→ **EXERCISE MATERIALS**:
Segment Open

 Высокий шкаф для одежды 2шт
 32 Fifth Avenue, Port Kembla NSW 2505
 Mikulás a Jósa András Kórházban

Segment Closed
Segment Open

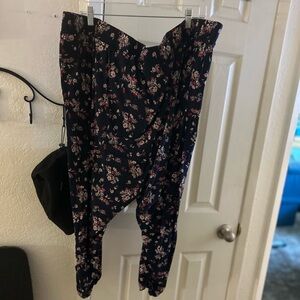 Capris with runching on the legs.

Segment Closed
Segment Open

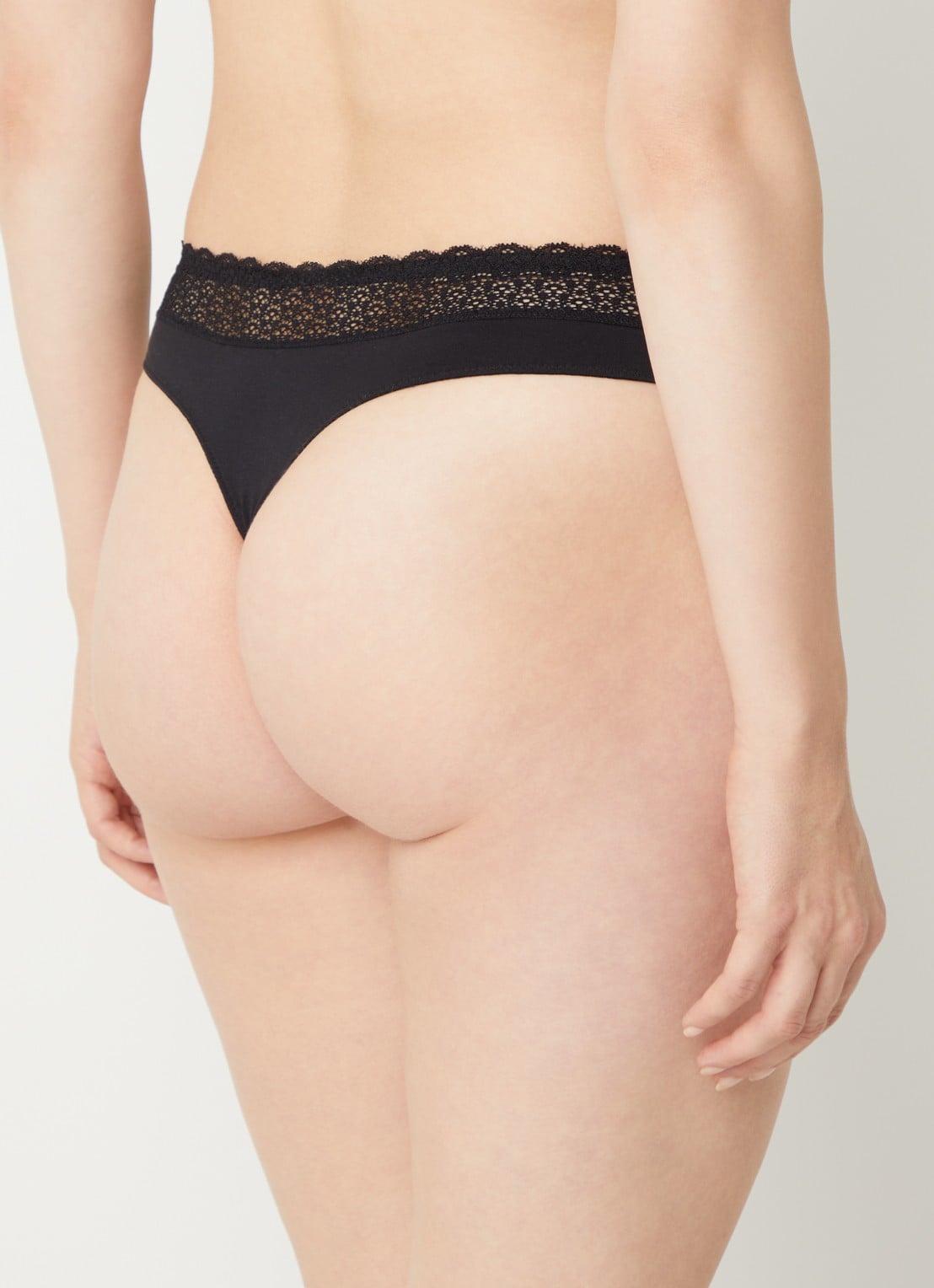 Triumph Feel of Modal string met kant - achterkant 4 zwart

Segment Closed

→ **PROMPT**: Word for word, restate the lines of the listing above starting at the line with "Высокий шкаф для одежды 2шт" and ending at the line with "Mikulás a Jósa András Kórházban", and nothing outside them.

→ **ANSWER TO THE PROBLEM**:
 Высокий шкаф для одежды 2шт
 32 Fifth Avenue, Port Kembla NSW 2505
 Mikulás a Jósa András Kórházban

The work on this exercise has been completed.